== Excerpted data

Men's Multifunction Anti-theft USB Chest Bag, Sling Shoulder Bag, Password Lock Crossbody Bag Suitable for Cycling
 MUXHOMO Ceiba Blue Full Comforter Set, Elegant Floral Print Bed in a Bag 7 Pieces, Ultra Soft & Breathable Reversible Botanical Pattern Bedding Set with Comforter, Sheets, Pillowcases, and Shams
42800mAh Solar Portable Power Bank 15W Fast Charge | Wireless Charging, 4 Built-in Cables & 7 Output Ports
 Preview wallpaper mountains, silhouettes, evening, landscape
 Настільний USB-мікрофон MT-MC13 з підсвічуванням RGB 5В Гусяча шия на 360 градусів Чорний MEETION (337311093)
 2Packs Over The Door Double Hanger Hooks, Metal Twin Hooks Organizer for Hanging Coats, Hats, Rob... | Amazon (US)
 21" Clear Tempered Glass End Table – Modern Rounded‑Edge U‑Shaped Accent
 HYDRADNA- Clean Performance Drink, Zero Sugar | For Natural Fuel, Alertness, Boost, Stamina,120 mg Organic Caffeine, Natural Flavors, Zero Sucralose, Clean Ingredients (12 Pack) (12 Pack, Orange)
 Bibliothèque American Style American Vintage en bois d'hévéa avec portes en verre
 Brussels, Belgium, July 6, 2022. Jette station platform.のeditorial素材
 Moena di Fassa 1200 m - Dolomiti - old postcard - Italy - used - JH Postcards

====

▶ _Problem statement_: The answer is the full set of records, printed exactly as given.

▶ _Finished task_:
Men's Multifunction Anti-theft USB Chest Bag, Sling Shoulder Bag, Password Lock Crossbody Bag Suitable for Cycling
 MUXHOMO Ceiba Blue Full Comforter Set, Elegant Floral Print Bed in a Bag 7 Pieces, Ultra Soft & Breathable Reversible Botanical Pattern Bedding Set with Comforter, Sheets, Pillowcases, and Shams
42800mAh Solar Portable Power Bank 15W Fast Charge | Wireless Charging, 4 Built-in Cables & 7 Output Ports
 Preview wallpaper mountains, silhouettes, evening, landscape
 Настільний USB-мікрофон MT-MC13 з підсвічуванням RGB 5В Гусяча шия на 360 градусів Чорний MEETION (337311093)
 2Packs Over The Door Double Hanger Hooks, Metal Twin Hooks Organizer for Hanging Coats, Hats, Rob... | Amazon (US)
 21" Clear Tempered Glass End Table – Modern Rounded‑Edge U‑Shaped Accent
 HYDRADNA- Clean Performance Drink, Zero Sugar | For Natural Fuel, Alertness, Boost, Stamina,120 mg Organic Caffeine, Natural Flavors, Zero Sucralose, Clean Ingredients (12 Pack) (12 Pack, Orange)
 Bibliothèque American Style American Vintage en bois d'hévéa avec portes en verre
 Brussels, Belgium, July 6, 2022. Jette station platform.のeditorial素材
 Moena di Fassa 1200 m - Dolomiti - old postcard - Italy - used - JH Postcards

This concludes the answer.